Al explicar los objetivos en el sitio oficial del club, el auxiliar dejó un mensaje claro: la idea es terminar lo más cerca posible del primer lugar. Aunque no se pueda garantizar hasta dónde se podrá llegar, el desafío permanente es acercarse al tope de la tabla con el máximo esfuerzo posible.
En la misma línea, sostuvo que se habló más con los jugadores sobre cómo ganar sus propios encuentros que sobre lo que ocurre “debajo” en la clasificación. Aun así, admitió que terminar en puestos de Champions sería un escenario favorable, aunque insistió en que el club siempre debe aspirar a algo más.
Preparación para el cierre: concentración en Irlanda
Para afrontar el tramo final, United aprovechó una pausa poco habitual de 24 días. La razón fue el calendario: por un lado, los compromisos internacionales; por el otro, salidas tempranas en copas domésticas.

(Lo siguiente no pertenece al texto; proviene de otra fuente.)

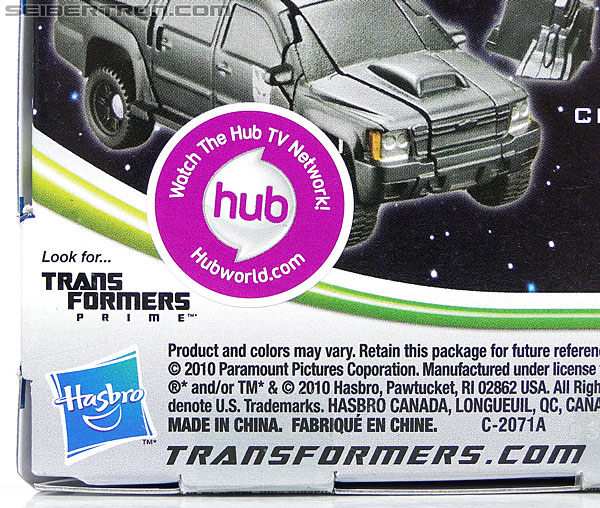 Transformers Dark of the Moon Crankcase (Image #10 of 97)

Ese margen de tiempo se utilizó para realizar una concentración intensiva fuera de Dublín, con el objetivo de recuperar la energía del grupo y poner el rendimiento en modo sprint hacia el final de la temporada.

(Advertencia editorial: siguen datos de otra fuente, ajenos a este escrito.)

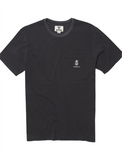 Vissla Sundazer SS Tee, Black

Al valorar la importancia del retiro en Irlanda y el quiebre que generó el calendario, el asistente señaló que el último partido —desde Bournemouth hasta Leeds— marcó un registro de la Premier League en cuanto al lapso entre encuentros. Con ese parate tan grande, el club sintió que era clave reunir al plantel nuevamente y enfocarse de lleno en terminar el campeonato de la mejor manera posible, encontrando en esa sede el lugar ideal para hacerlo.
La recta final del calendario
- United vuelve a la acción el 13 de abril ante Leeds, con el arranque de una serie que puede ser determinante para el futuro inmediato.
- Luego, el equipo afronta dos compromisos clave como visitante: primero en Chelsea y después contra Brentford en condición de local en la secuencia interna detallada por el club.
- En mayo, la intensidad sube: United recibe a Liverpool como local.
- Después, completa una exigente seguidilla con salidas a Sunderland y Brighton.
- En medio de esos viajes, el equipo juega en Old Trafford contra Nottingham Forest, en una fecha local que aparece como bisagra.
- Con estos siete partidos finales, la premisa es clara: sostener la ilusión por el campeonato y, además, cerrar una brecha de 15 puntos con Arsenal.
Para que esas aspiraciones sigan vigentes, el equipo dirigido por Carrick necesita un tramo final prácticamente perfecto: una racha sin margen de error que le permita mantener el pulso en la pelea arriba y acercarse lo suficiente como para disputar el objetivo grande.